If you’re heading over to France on holiday this coming festive season, it’s worth knowing how they celebrate this time of year on the other side of the channel.

Of course, these traditions vary from one French region to another, and (as in the UK) even different families will have varying ways of doing things. But, broadly speaking, traditions reflect the nation’s deep-seated Catholicism.

In France, the season really gets underway on St Nicholas Day, December 6. Traditionally, this was a day for giving gifts to children. Now some people still do this – in other families, presents may also be given on Christmas Eve. (Or only then.) Christmas Eve is, as in Britain, where Père Noel or Father Christmas does his rounds. For those who are religious, Advent begins on the first of the four Sundays before Christmas, and special masses are said on each of these days.

Christmas Eve is of course the night for Midnight Mass, and the evening for a big family meal. Called le Reveillon, this meal is usually served after Midnight Mass. It’s a full meal, despite the hour, with soup or another starter, goose or other poultry and a Christmas log (Buche de Noel) for pudding.

The festive season lasts a little longer in France, with special lighting and singing in church and the like continuing until Epiphany, nearly two weeks after Christmas. Epiphany signals the end of the Christmas period, and is celebrated with a special cake which has a treat baked and hidden inside it which one eater will find.

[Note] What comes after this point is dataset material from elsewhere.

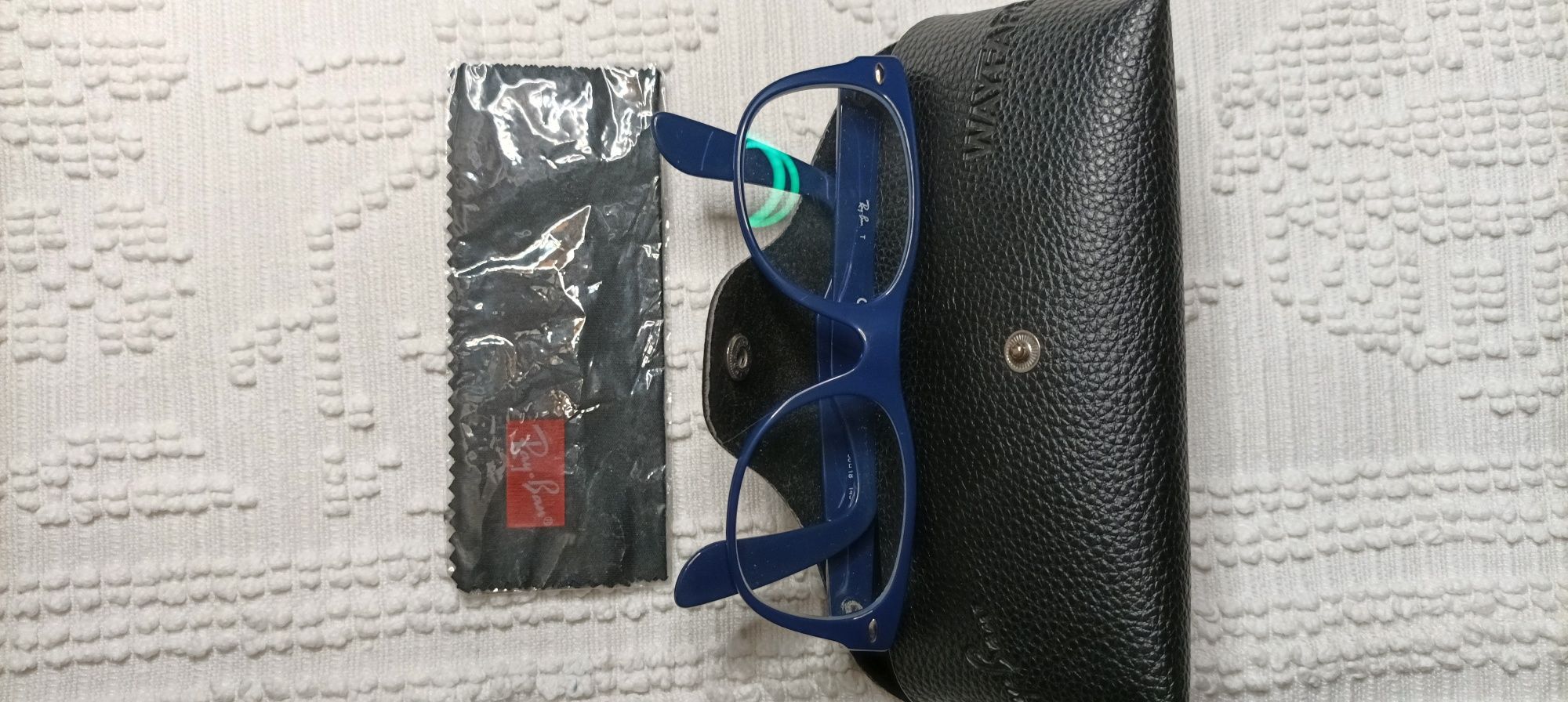 Vendo óculos da marca Ray-Ban, originais, em azul escuro, com bolsa da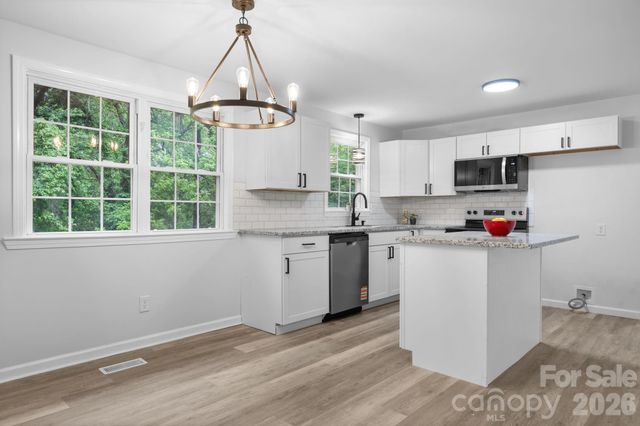 1871 Crestview Drive, Newton, NC 28658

You can also expect to hear seasonal music just about everywhere you go, including traditional hymns and translations of non-religious songs. (Jingle Bells for example becomes Vive le vent, literally Long Live the Wind.)

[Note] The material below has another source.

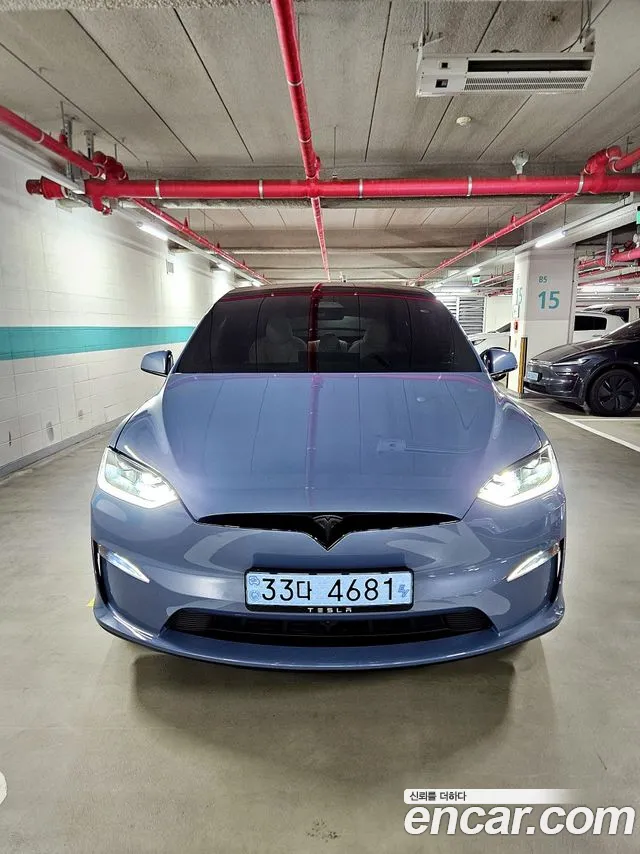 Tesla Model X — Фото автомобиля 3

Religion is obvious in the nativity scenes which tend to decorate French homes rather than a Christmas tree, and you may hear bells ringing from churches for longer than usual.

If you’re spending any length of time with French people during this holiday, be aware that gifts are getting bigger and being more widely exchanged than before, although it still varies widely by family.

With so many parallels with how we celebrate Christmas in Britain, it will certainly feel festive, wherever you are in France.